▸ **PROBLEM TO WORK ON**
With the line containing "Hello everyone, I" as the final line, restate exactly every line of the data below from the first one onward, and copy no pictures.

▸ **GIVEN DATA**
• • •

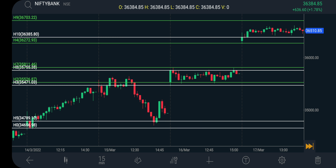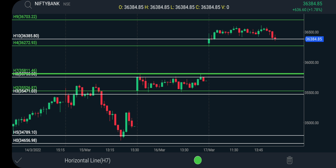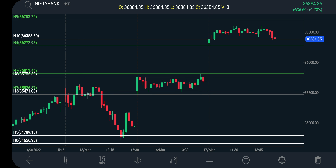It traded above that and closed around 36,384. As per the closing price, the support and resistance level is 36,385. For 21st March trade, the support and resistance level is 36,385.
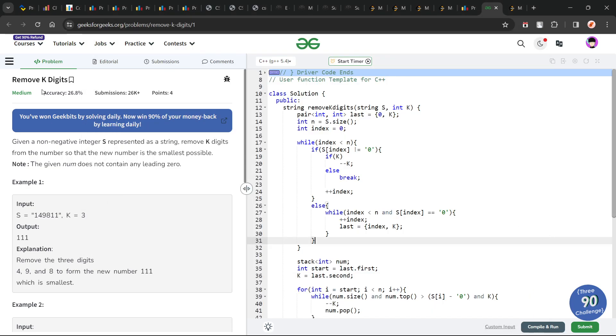Hello everyone, I hope you are doing well. In this video we can discuss a GeeksForGeeks problem of the day, and today's problem is 'Remove K Digits' — it is a medium-level problem.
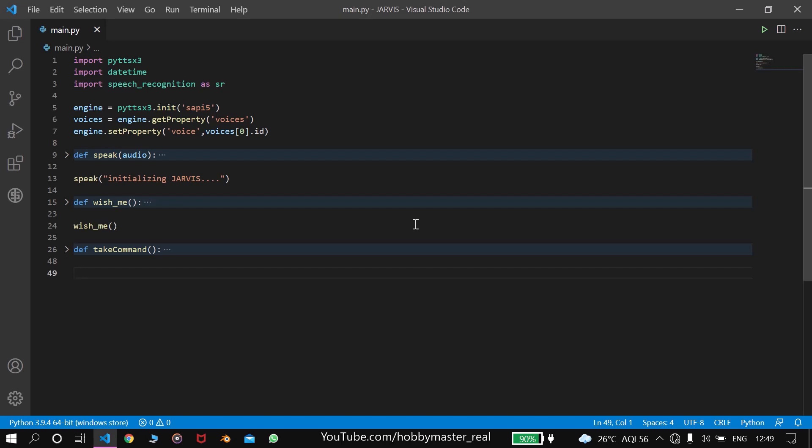Hey guys, welcome to part 4 of making Jarvis. In this video we'll be working on Bluetooth automation. Till now we've completed the speak function, wish me function, and take command. Let's get started.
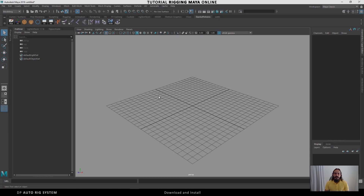Hello everybody, Danilo here. I would like to show you how we can download, install, and update the DP Auto Rig System — a Python scripting tool for Maya that helps us create many types of rigs. Let's start.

• • •

▸ **COMPLETED EXERCISE**
It traded above that and closed around 36,384. As per the closing price, the support and resistance level is 36,385. For 21st March trade, the support and resistance level is 36,385.
Hello everyone, I hope you are doing well. In this video we can discuss a GeeksForGeeks problem of the day, and today's problem is 'Remove K Digits' — it is a medium-level problem.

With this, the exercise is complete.